Durante le notti invernali non passa inosservato l’ammasso aperto delle Pleiadi, un bel raggruppamento di stelle nel Toro.
Anche molte delle stelle di questa costellazione sono parte di un esteso e vicino ammasso aperto, le Iadi. E le stelle azzurre del Grande Carro rappresentano il nucleo di un gruppo distribuito su tutta la volta celeste.
Se ci trovassimo a sufficiente distanza, vedremmo queste stelle raggruppate in modo molto più compatto, come altre migliaia osservabili con un telescopio amatoriale sotto un cielo buio.
Gli ammassi aperti nascono nelle nubi molecolari poste lungo i bracci della Via Lattea e rimangono come gruppi compatti per un tempo limitato su scala cosmica, di norma per alcune centinaia milioni di anni, prima di disgregarsi per effetto delle perturbazioni gravitazionali interne alla Galassia.
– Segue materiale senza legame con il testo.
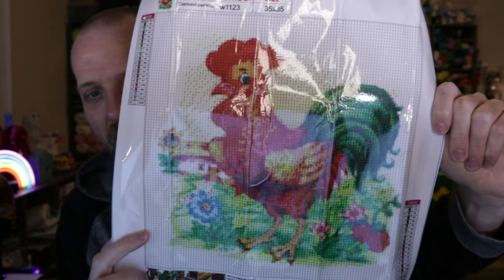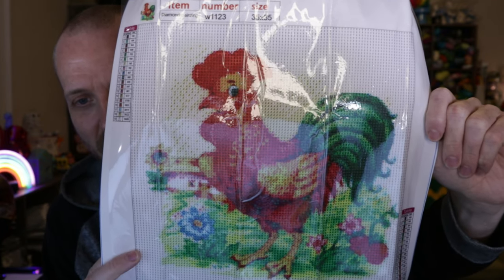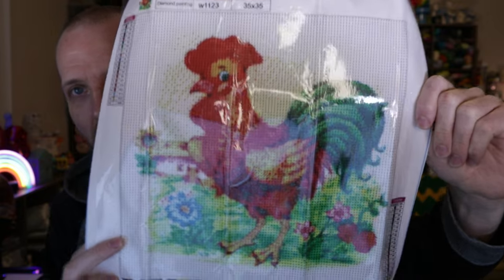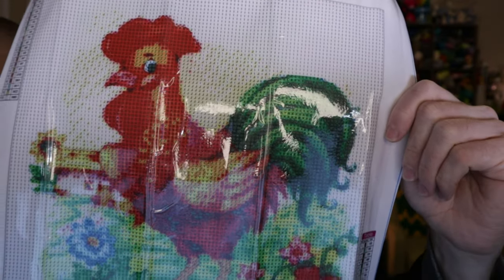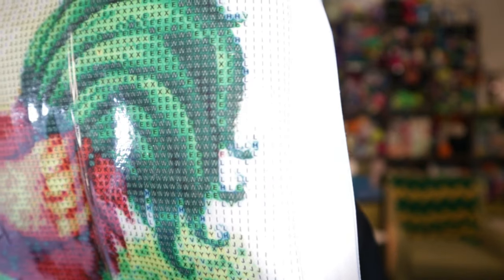So it is a rooster. On their website it is listed as a 5D DIY full round drill diamond painting cock kit home decor art craft. I love it so much. So that's what the canvas looks like — look at it up close. Looks excellent. I have no issues reading it. Down here in this section in the rooster's tail, it is kind of dark, so I'll probably use a light pad to help with those areas. But it looks great.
Anche il Sole era un tempo all’interno di un ammasso, da cui si è distaccato già da miliardi di anni.
La scoperta delle coronae
Un gruppo di astronomi, guidati da Stefan Meingast dell’Università di Vienna, ha rivelato la presenza di vasti aloni stellari, chiamati coronae, distribuiti intorno agli ammassi aperti e composti da stelle che hanno abbandonato gli ammassi, ma sono ancora abbastanza vicine ad essi.
Tali stelle si mimetizzano nei ricchi campi stellari, ma sono riconoscibili come appartenenti all’ammasso grazie alla loro firma chimica, pressoché identica a quella delle stelle nel gruppo, e dai peculiari moti propri.
Grazie al satellite Gaia dell’Esa, il gruppo di ricerca ha potuto stabilire che un ammasso aperto rappresenta appena una frazione minuscola dell’intera famiglia di stelle coeve, distribuite in ampie aree intorno al nucleo centrale, spesso nettamente allungate.
Secondo lo studio, le coronae sono almeno dieci volte più estese della regione a più alta densità dell’ammasso. Per poterlo stabilire, il gruppo di astronomi ha sviluppato un algoritmo che – grazie all’apprendimento automatico – traccia gruppi di stelle nate insieme e che si muovono insieme nel cielo.

Analizzando dieci ammassi (Platais 9, M39, Alfa Persei, NGC 2451 A, IC 2602, NGC 2547, Blanco 1, IC 2391, NGC 2516 e Pleiadi) è emersa l’identificazione di migliaia di componenti disperse ormai lontane da essi, ma chiaramente appartenenti alla stessa famiglia.
Sarà ora necessario considerare tutte le implicazioni derivanti da questa scoperta, anche per quanto riguarda la formazione planetaria.
Di solito, al centro degli ammassi aperti, ci sono le componenti più massicce che emettono potenti radiazioni sterilizzanti verso i più vicini esopianeti. Nascere in periferia di un ammasso aperto non sarebbe quindi un male.
In testa, una ripresa dell’ammasso aperto M11 nello Scudo, eseguita dall’autore lo scorso agosto da Piano Visitone – Parco Nazionale del Pollino, con rifrattore 127ED e fotocamera Canon EOS 4000D.